#### Task requirements
Without including the pictures, copy each line below exactly as it reads.

#### Dataset section
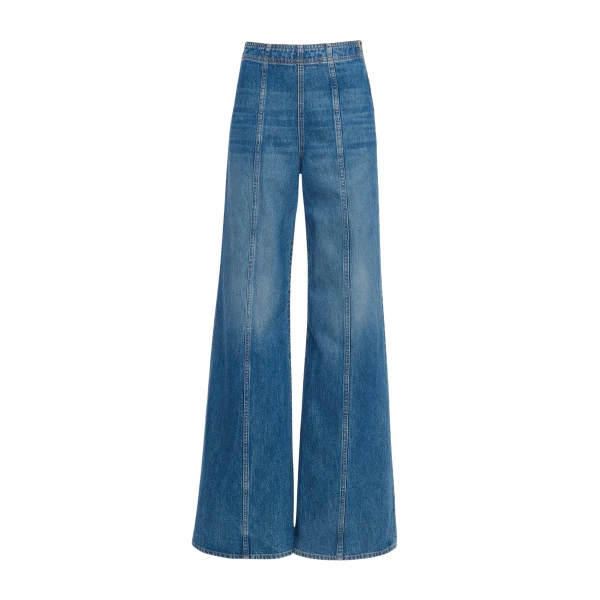 ulla johnson the bianca jean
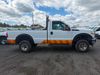 2015 Ford F-250 Super Duty XL | Hoosick Falls, New York | Upstate Auto Sales
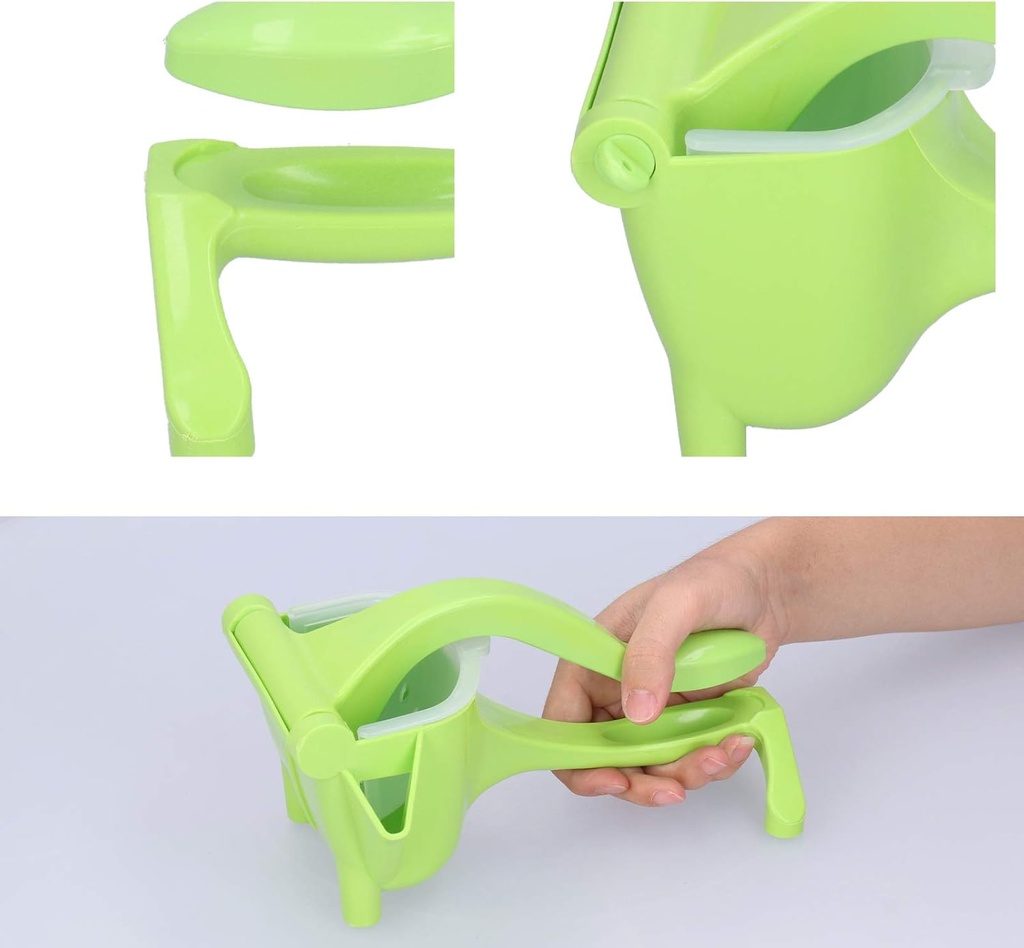 manual-juicer-portable-fruit-juicer-ligh-2.jpg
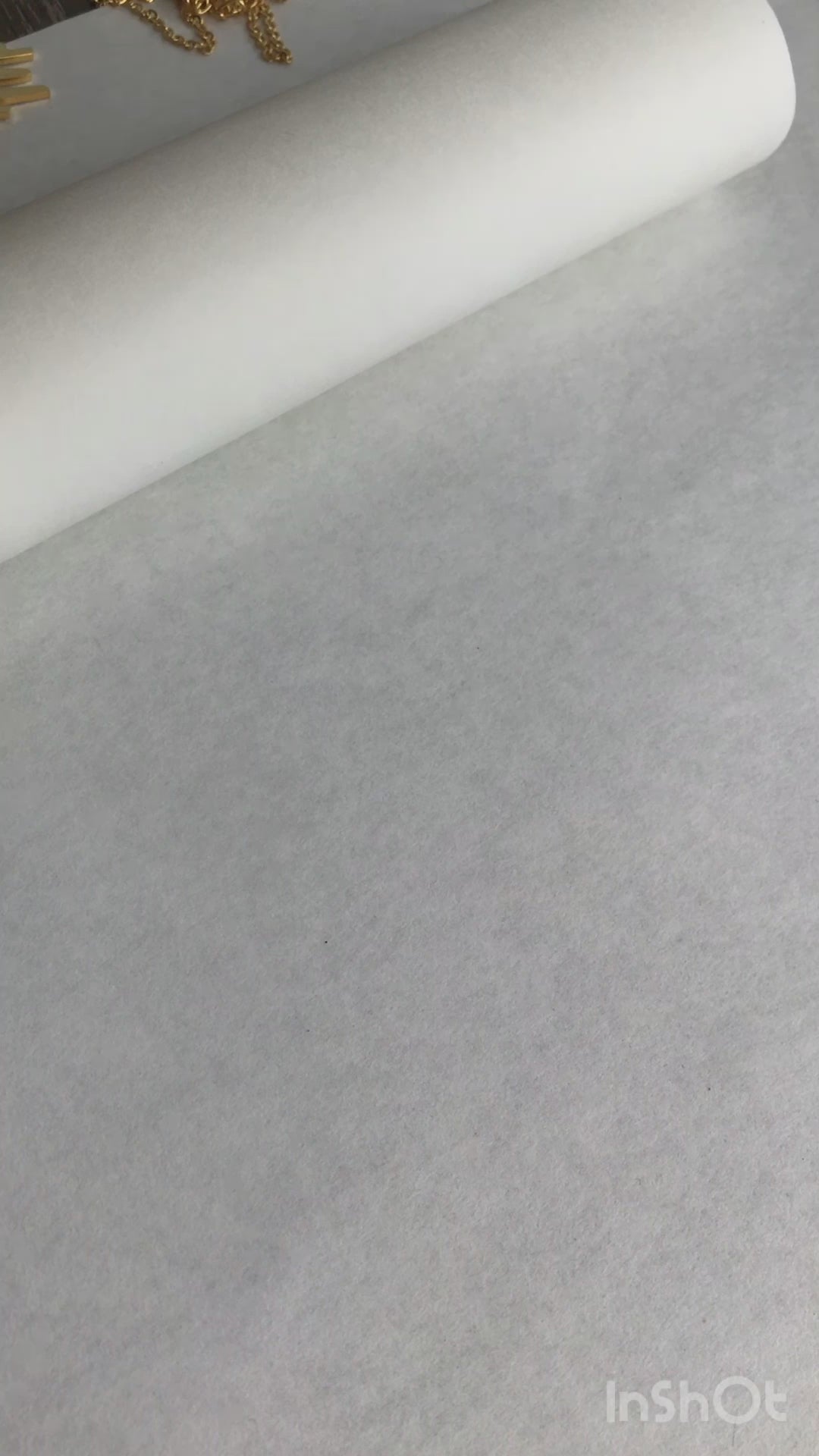 Name pendent Urdu/English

#### Answer to this problem
 ulla johnson the bianca jean
 2015 Ford F-250 Super Duty XL | Hoosick Falls, New York | Upstate Auto Sales
 manual-juicer-portable-fruit-juicer-ligh-2.jpg
 Name pendent Urdu/English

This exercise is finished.